Campaigning on a manifesto to restore cycling and the body’s own credibility, he turned to Vero Communciations in June to help shape the bid.
Cookson will now seek to help the organisation move on from doping scandals which have rocked the sport and led to modern cycling's biggest star, Lance Armstrong, being banned for life.
Vero directror John Zerafa pointed to increasing the UCI’s stakeholder engagement as a key part of this.
He said: "Alongside messages around anti doping, the campaign narrative emphasised that corporate governance had to be led professionally, properly and openly, and historically that’s not always been the case. We will see a move towards increased openness, with more dialogue with riders, teams, sponsors and fans," he said.
As president, Cookson yesterday announced that he would work to make anti-doping precudures independent, and hinted that Armstrong might be able to return to the cycling fold if he revealed all he knew about drug taking in the sport.
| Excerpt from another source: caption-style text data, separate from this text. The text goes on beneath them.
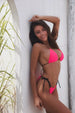 Animal Print Tie Side Three-Piece Swim Set Trendsi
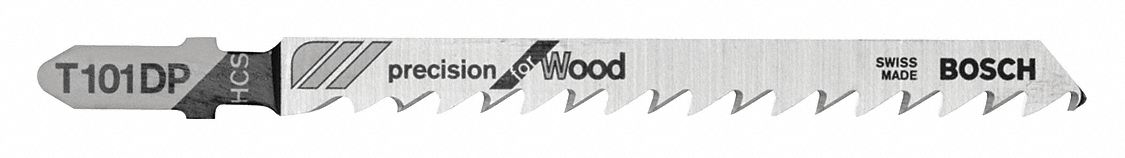 Jigsaw Blade: 6, 4 in Blade Lg, Bi-Metal, High Carbon Steel, T Shank, Plastic/Wood, 5 PK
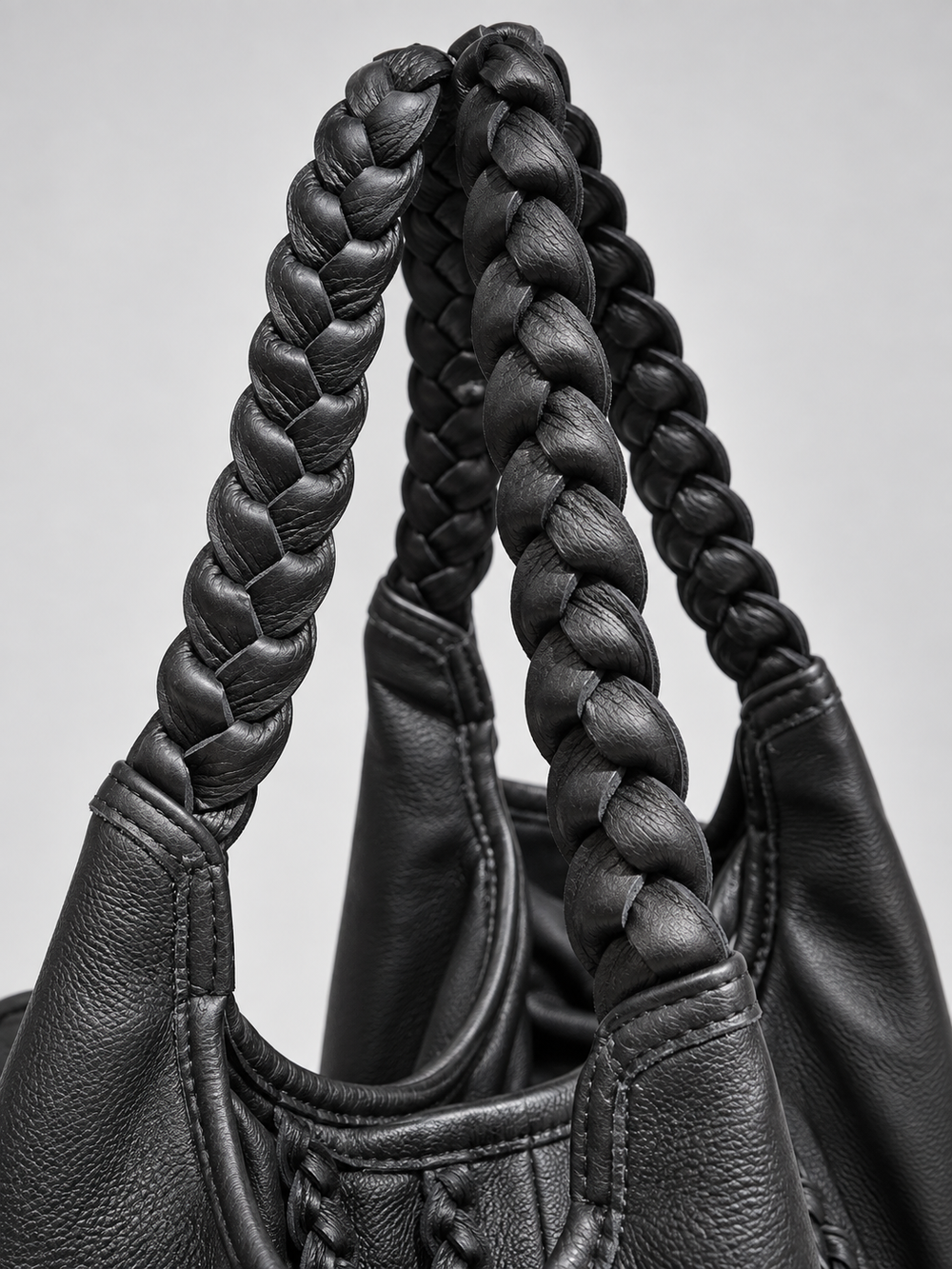 Braided Leather Tote Bag BLACK
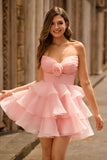 Blush A-Line Strapless Tiered Homecoming Dress com flores 3D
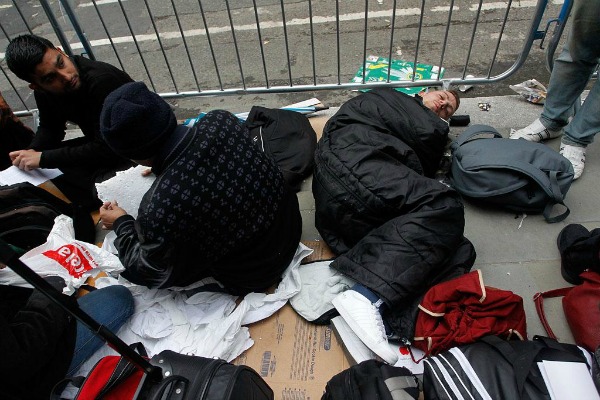 people sleeping on streets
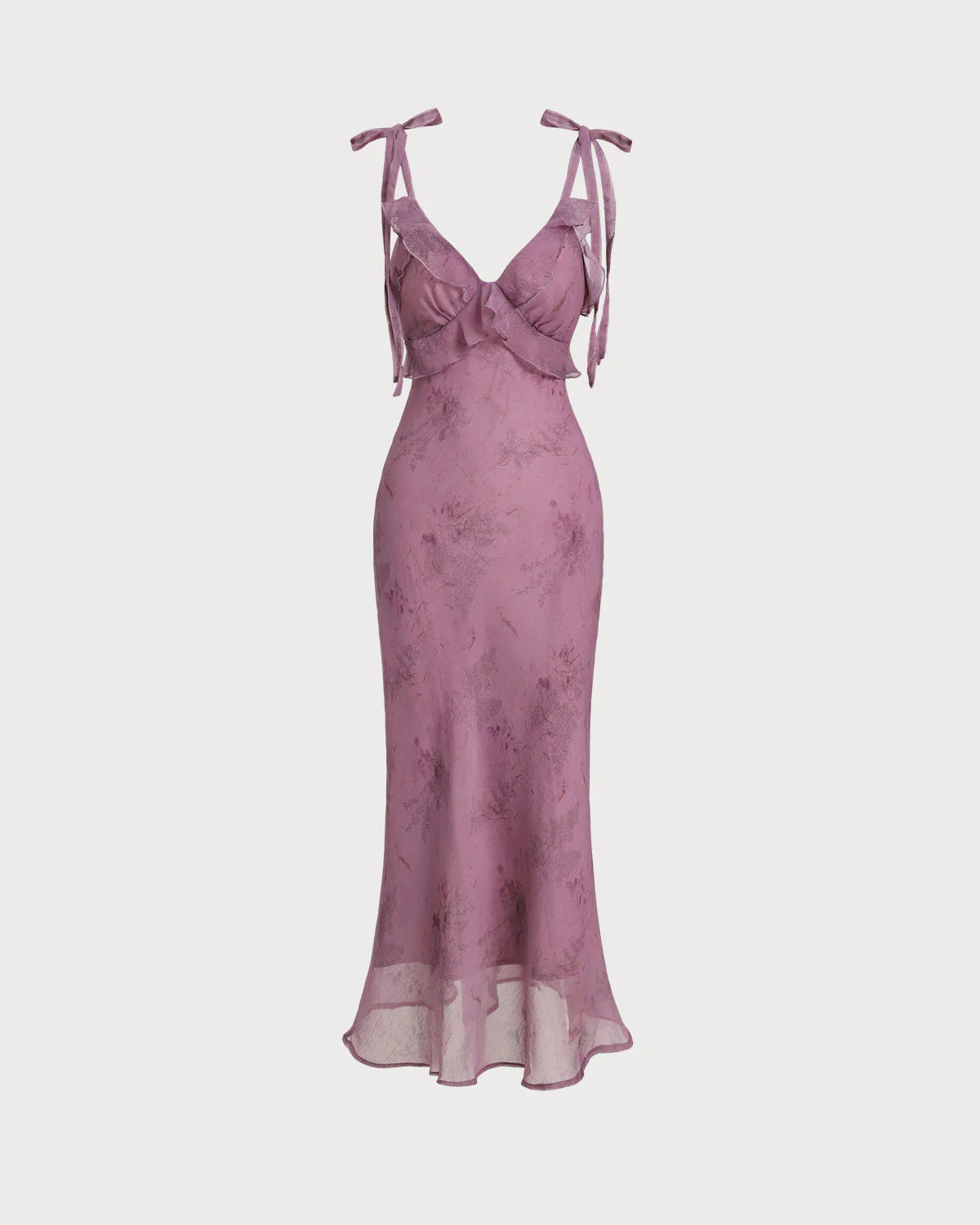 Vestido midi con tirantes florales morados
For the election campaign, straplined "Restoring Trust, Leading Change", Zerafa worked as part of a three strong agency team which included founder Mike Lee.
This included comms around Cookson’s engagement with ICU delegates ahead of a vote marked in its final hours by confusion as to whether McQuaid was even eligible to stand for office.
Backing McQuiad for the campaign was Ian McClure, of McClure Media & PR, while Burson-Marsteller handled the retained account for the UCI.
In the months running up to the vote Cookson presented himself as international candidate for the global organisation, with media work piggybacking onto a travel schedule which included the Americas, Australasia and Africa.
Another key aspect was showing the commercial imperatives behind the ethical stance, Zafara added."Part of Brian’s campaign narrative was also saying that by rebuilding trust in the UCI, cycling will start to benefit from new investment, greater broadcast coverage, more cities wanting to host events and ultimately more riders and fans being drawn into cycling."